- Opening Delimiter -

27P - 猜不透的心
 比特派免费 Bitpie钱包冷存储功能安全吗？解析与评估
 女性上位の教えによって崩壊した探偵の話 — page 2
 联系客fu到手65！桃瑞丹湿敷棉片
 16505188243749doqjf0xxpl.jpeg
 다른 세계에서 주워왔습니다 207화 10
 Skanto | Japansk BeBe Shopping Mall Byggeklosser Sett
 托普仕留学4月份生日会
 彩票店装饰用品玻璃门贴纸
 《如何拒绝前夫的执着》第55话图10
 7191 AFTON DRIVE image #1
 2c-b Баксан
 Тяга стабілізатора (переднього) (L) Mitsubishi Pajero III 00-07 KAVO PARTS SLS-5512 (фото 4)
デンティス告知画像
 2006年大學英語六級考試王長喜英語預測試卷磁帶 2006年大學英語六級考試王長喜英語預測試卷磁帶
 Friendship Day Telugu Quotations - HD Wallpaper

- Closing Delimiter -

## What the exercise asks
Each line above is to be repeated exactly.

## Result
27P - 猜不透的心
 比特派免费 Bitpie钱包冷存储功能安全吗？解析与评估
 女性上位の教えによって崩壊した探偵の話 — page 2
 联系客fu到手65！桃瑞丹湿敷棉片
 16505188243749doqjf0xxpl.jpeg
 다른 세계에서 주워왔습니다 207화 10
 Skanto | Japansk BeBe Shopping Mall Byggeklosser Sett
 托普仕留学4月份生日会
 彩票店装饰用品玻璃门贴纸
 《如何拒绝前夫的执着》第55话图10
 7191 AFTON DRIVE image #1
 2c-b Баксан
 Тяга стабілізатора (переднього) (L) Mitsubishi Pajero III 00-07 KAVO PARTS SLS-5512 (фото 4)
デンティス告知画像
 2006年大學英語六級考試王長喜英語預測試卷磁帶 2006年大學英語六級考試王長喜英語預測試卷磁帶
 Friendship Day Telugu Quotations - HD Wallpaper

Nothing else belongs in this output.